American artist, filmmaker and comedian (born 1986)

Alan Resnick (born July 16, 1986) is an American comedian, visual artist, and filmmaker. He is a member of the Wham City arts collective and founding member of Wham City Comedy.

== Life and education ==
Resnick was born and raised in Oswego, New York and went on to attend college at SUNY Purchase. In 2008, he moved to Baltimore, Maryland where he maintains a studio at the Copycat Building and, along with friends from SUNY Purchase, joined Wham City, an arts and music collective.

== Career ==

=== 2011–2014: Early work on YouTube ===
Before working on Adult Swim, Resnick first gained recognition for creating the popular YouTube web series, alantutorial, in 2011. The surrealist series initially began as a tutorial channel from a man attempting to instruct the viewer on nonsensical tasks. Over the course of three years, the series gained strong horror elements as the videos depicted Alan locked out of his house, left homeless, and kidnapped. In the final "tutorial" video, uploaded on December 12, 2014, Alan breaks through a wall and escapes the building where he was being held. Gizmodo called Resnick's video "ARM tutorial" one of the "weirdest videos on the internet".

In 2012, Resnick self-published the book $8.95, a series of online customer service chats between Resnick and Bank of America in which Resnick pleads to recover his eponymous bank fee.
Also that year, Resnick directed the music video for Dan Deacon's "Guilford Avenue Bridge" and Lower Dens' "Candy".

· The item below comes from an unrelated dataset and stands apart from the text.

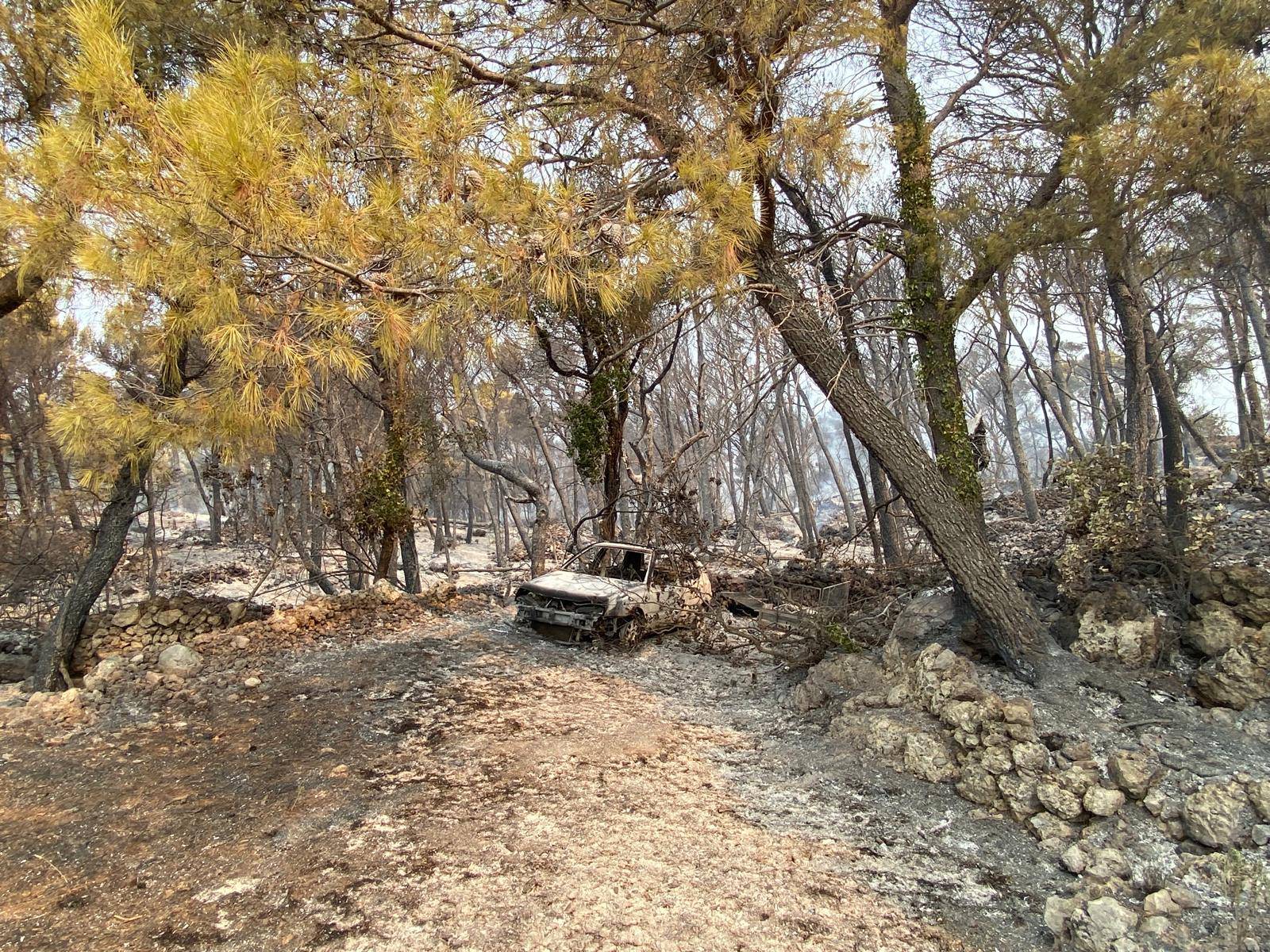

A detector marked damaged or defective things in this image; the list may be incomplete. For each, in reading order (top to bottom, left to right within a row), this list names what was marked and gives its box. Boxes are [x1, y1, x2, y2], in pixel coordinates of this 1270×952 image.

burned car [514, 543, 714, 641]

=== 2013–present: Adult Swim ===
In 2013, Resnick and fellow Wham City member Ben O'Brien created and directed the television special Live Forever as You Are Now with Alan Resnick, pitched to Adult Swim. The short starred Resnick as himself, in a surreal parody of self-help infomercials, selling digital immortality. This was the duo's first collaboration with Adult Swim and premiered on the network's Infomercials block at 4:00 a.m., without a title card or common identifier. Despite this, it received positive acclaim and recognition for Wham City, being called "hilarious" and "a good representation of their bizarre comedic stylings."
 Principal photography for the infomercial was conducted in the Copycat Building during the summer of 2013.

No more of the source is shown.